*** DATA SHOWN ***

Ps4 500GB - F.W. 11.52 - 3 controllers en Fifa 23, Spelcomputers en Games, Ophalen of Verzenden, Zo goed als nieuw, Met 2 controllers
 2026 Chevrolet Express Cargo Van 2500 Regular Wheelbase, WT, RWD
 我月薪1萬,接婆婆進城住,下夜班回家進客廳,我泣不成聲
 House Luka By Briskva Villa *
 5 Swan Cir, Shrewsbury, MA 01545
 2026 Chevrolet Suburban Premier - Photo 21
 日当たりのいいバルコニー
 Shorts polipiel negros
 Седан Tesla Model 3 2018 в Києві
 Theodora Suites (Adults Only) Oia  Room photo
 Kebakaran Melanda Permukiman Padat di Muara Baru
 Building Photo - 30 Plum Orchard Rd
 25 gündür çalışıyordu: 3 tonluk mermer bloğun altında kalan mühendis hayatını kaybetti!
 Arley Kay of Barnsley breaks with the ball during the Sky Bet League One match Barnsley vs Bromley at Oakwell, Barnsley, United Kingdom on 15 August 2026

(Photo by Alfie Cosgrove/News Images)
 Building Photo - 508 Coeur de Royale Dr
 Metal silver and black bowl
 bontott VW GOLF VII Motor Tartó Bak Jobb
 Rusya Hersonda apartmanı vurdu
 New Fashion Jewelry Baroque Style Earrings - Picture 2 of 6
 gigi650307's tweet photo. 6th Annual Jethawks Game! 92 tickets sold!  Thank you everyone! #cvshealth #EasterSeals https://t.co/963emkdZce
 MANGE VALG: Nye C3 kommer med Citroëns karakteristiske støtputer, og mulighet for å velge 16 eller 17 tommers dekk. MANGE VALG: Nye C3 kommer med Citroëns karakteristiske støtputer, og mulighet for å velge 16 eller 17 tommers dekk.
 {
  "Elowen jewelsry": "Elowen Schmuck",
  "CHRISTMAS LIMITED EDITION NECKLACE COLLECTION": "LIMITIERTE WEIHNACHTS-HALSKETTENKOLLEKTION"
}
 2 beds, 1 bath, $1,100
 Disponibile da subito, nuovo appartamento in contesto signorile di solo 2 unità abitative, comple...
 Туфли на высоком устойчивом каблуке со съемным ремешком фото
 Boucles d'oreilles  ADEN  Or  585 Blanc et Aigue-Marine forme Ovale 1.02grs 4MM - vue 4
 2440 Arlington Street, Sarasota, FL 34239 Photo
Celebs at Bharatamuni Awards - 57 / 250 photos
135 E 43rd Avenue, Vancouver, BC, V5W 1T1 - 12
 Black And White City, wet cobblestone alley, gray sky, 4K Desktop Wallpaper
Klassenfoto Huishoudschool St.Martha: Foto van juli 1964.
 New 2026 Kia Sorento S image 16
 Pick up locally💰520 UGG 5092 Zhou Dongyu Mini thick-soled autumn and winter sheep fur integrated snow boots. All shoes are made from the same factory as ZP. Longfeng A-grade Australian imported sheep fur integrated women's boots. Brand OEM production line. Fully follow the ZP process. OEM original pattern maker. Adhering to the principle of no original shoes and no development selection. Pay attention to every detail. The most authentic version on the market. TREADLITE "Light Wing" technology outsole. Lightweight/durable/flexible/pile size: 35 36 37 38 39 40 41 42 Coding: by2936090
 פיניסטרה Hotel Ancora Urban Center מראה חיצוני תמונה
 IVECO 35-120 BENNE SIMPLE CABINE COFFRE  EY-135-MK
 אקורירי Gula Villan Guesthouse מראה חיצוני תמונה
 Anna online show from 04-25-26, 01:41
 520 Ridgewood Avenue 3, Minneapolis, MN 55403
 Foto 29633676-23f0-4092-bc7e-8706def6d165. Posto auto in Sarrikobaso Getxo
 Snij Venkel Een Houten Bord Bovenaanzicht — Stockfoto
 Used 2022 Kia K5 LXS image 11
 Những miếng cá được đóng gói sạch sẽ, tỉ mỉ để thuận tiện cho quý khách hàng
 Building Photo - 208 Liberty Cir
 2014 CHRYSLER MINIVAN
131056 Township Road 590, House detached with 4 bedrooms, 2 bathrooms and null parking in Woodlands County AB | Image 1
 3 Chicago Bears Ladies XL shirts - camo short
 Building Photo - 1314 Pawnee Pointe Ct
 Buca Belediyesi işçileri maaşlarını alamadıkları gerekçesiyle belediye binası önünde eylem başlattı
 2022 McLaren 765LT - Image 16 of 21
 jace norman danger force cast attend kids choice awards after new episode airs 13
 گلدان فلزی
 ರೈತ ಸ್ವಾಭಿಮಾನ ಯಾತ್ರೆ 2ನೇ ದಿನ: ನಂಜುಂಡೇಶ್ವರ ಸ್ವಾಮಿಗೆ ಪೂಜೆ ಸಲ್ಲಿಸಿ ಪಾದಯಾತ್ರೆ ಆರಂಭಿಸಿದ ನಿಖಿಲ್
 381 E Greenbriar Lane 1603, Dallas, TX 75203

*** End of DATA SHOWN ***

→ **DESCRIPTION OF THE TASK**
Repeat exactly the lines from the one containing "New 2026 Kia Sorento S image 16" to the end of the records.

→ **EXPECTED ANSWER**
 New 2026 Kia Sorento S image 16
 Pick up locally💰520 UGG 5092 Zhou Dongyu Mini thick-soled autumn and winter sheep fur integrated snow boots. All shoes are made from the same factory as ZP. Longfeng A-grade Australian imported sheep fur integrated women's boots. Brand OEM production line. Fully follow the ZP process. OEM original pattern maker. Adhering to the principle of no original shoes and no development selection. Pay attention to every detail. The most authentic version on the market. TREADLITE "Light Wing" technology outsole. Lightweight/durable/flexible/pile size: 35 36 37 38 39 40 41 42 Coding: by2936090
 פיניסטרה Hotel Ancora Urban Center מראה חיצוני תמונה
 IVECO 35-120 BENNE SIMPLE CABINE COFFRE  EY-135-MK
 אקורירי Gula Villan Guesthouse מראה חיצוני תמונה
 Anna online show from 04-25-26, 01:41
 520 Ridgewood Avenue 3, Minneapolis, MN 55403
 Foto 29633676-23f0-4092-bc7e-8706def6d165. Posto auto in Sarrikobaso Getxo
 Snij Venkel Een Houten Bord Bovenaanzicht — Stockfoto
 Used 2022 Kia K5 LXS image 11
 Những miếng cá được đóng gói sạch sẽ, tỉ mỉ để thuận tiện cho quý khách hàng
 Building Photo - 208 Liberty Cir
 2014 CHRYSLER MINIVAN
131056 Township Road 590, House detached with 4 bedrooms, 2 bathrooms and null parking in Woodlands County AB | Image 1
 3 Chicago Bears Ladies XL shirts - camo short
 Building Photo - 1314 Pawnee Pointe Ct
 Buca Belediyesi işçileri maaşlarını alamadıkları gerekçesiyle belediye binası önünde eylem başlattı
 2022 McLaren 765LT - Image 16 of 21
 jace norman danger force cast attend kids choice awards after new episode airs 13
 گلدان فلزی
 ರೈತ ಸ್ವಾಭಿಮಾನ ಯಾತ್ರೆ 2ನೇ ದಿನ: ನಂಜುಂಡೇಶ್ವರ ಸ್ವಾಮಿಗೆ ಪೂಜೆ ಸಲ್ಲಿಸಿ ಪಾದಯಾತ್ರೆ ಆರಂಭಿಸಿದ ನಿಖಿಲ್
 381 E Greenbriar Lane 1603, Dallas, TX 75203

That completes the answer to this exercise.